第2話 悪魔の囁き

 翌朝、私はいつものように少し早起きをして、夫のために朝食を用意した。

 キッチンに立ち、ベーコンをフライパンに落とす。脂が爆ぜる音が静寂を破り、香ばしい匂いが立ち込める。

 昨日までなら、この匂いは吐き気を催すだけの不快なものだった。不妊治療の薬の副作用で、嗅覚が過敏になっていたからだ。

 けれど今朝は違う。

 私の胃の腑は、驚くほど静まり返っていた。まるで嵐の前の海のように、不気味なほど凪いでいる。


「おはよう、美咲。……体調はどうだ?」


 寝癖のついた髪を手で撫でつけながら、貴之がリビングに入ってきた。

 その顔には、完璧に計算された「妻を労る夫」の仮面が張り付いている。眉の下げ方、声のトーン、私を見る瞳の揺らぎ。すべてが演技だということに、なぜ今まで気づかなかったのだろう。


「おはよう、貴之さん。ええ、昨日は少し休みましたから、だいぶ楽になったわ」


 私は振り返り、微笑んで見せた。

 鏡を見なくても分かる。今の私は、昨日までの「儚げで従順な美咲」そのままだろう。

 心の中にどす黒いタールのような殺意が渦巻いていることなど、彼は露ほども疑っていない。


「そうか、よかった。
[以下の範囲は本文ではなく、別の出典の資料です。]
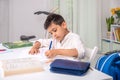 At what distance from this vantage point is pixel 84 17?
3.66 m

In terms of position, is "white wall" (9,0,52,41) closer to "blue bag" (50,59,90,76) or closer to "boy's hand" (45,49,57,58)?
"boy's hand" (45,49,57,58)

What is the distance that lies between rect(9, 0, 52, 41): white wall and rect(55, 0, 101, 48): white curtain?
0.32 meters

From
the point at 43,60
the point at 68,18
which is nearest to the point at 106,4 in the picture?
the point at 68,18

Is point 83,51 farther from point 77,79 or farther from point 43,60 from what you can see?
point 77,79

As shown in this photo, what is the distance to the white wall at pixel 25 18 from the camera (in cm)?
342

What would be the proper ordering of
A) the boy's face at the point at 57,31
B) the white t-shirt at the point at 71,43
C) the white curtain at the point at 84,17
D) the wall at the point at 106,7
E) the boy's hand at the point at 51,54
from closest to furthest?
the boy's hand at the point at 51,54, the white t-shirt at the point at 71,43, the boy's face at the point at 57,31, the white curtain at the point at 84,17, the wall at the point at 106,7

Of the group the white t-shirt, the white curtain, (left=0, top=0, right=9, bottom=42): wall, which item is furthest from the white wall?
the white t-shirt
あまり無理をするなよ。君の体は、君一人のものじゃないんだから」


 貴之は私の肩に手を置き、満足げに頷いた。

 『君一人のものじゃない』。

 その言葉の裏にある意味を、私は正確に翻訳する。

 ――お前の体は、俺が遺産を手に入れるための道具だ。壊れない程度に機能してもらわなきゃ困る。


 私は彼の手を振り払いたい衝動を、熱いコーヒーを飲み下すことで押し流した。

 喉が焼けるような熱さが、私に現実を自覚させる。


 まだだ。

 まだ、感情を表に出してはいけない。

 昨夜、あのパイプカットの同意書を見つけた時、私は決めたのだ。

 ただ離婚届を叩きつけるだけでは生ぬるい。彼が積み上げてきた嘘と欲望の城を、彼自身の手で完成させた瞬間に、土台から爆破してやる。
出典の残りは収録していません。